### Material to process
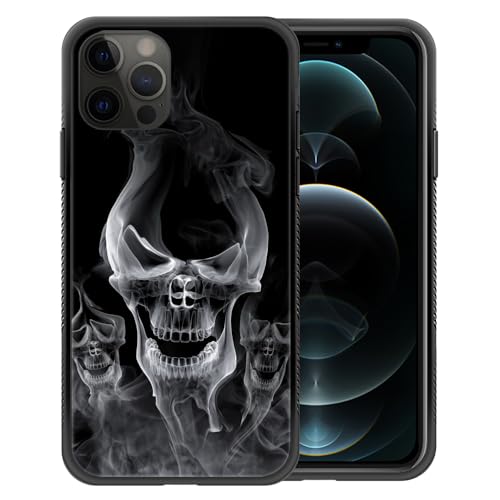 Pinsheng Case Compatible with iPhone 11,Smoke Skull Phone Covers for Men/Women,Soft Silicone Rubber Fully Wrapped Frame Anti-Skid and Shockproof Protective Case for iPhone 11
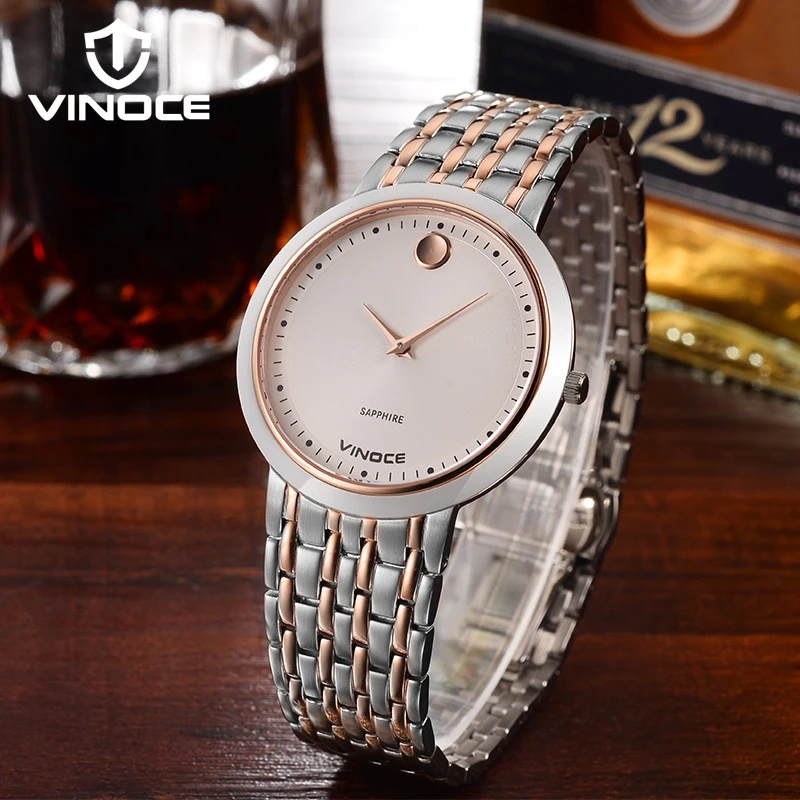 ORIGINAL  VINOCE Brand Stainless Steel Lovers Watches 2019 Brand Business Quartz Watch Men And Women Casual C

...

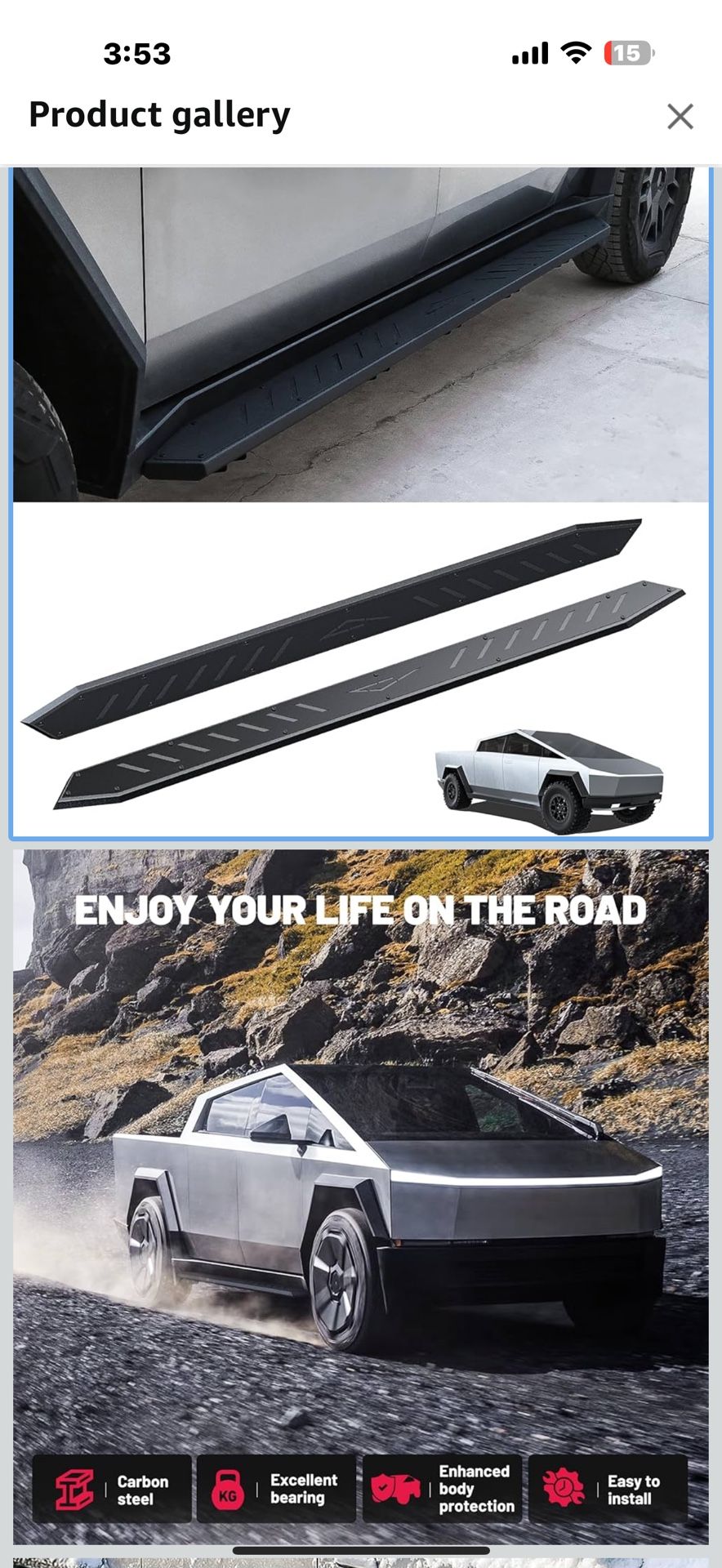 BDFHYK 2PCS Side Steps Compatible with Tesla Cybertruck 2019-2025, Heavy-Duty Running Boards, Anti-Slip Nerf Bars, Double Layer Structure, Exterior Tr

---

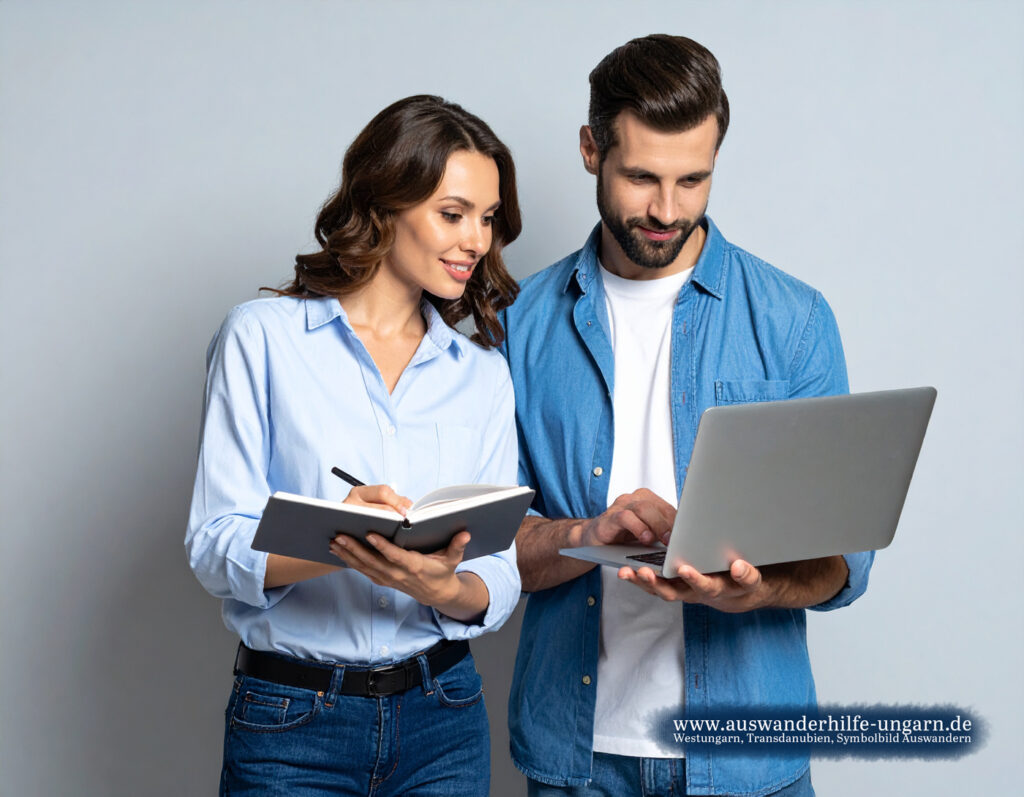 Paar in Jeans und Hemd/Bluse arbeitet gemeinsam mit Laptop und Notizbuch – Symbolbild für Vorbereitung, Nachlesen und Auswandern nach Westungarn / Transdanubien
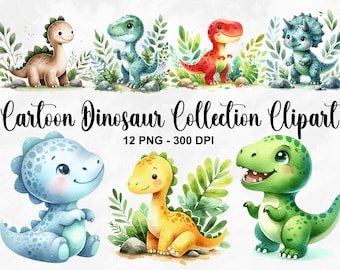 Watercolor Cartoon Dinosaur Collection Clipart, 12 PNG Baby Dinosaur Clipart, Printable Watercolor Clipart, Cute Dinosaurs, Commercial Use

### The problem
The answer should consist only of the lines above from the one with "Paar in Jeans" through the one with "Watercolor Cartoon Dinosaur", repeated exactly, with no pictures among them.

### Task result
 Paar in Jeans und Hemd/Bluse arbeitet gemeinsam mit Laptop und Notizbuch – Symbolbild für Vorbereitung, Nachlesen und Auswandern nach Westungarn / Transdanubien
 Watercolor Cartoon Dinosaur Collection Clipart, 12 PNG Baby Dinosaur Clipart, Printable Watercolor Clipart, Cute Dinosaurs, Commercial Use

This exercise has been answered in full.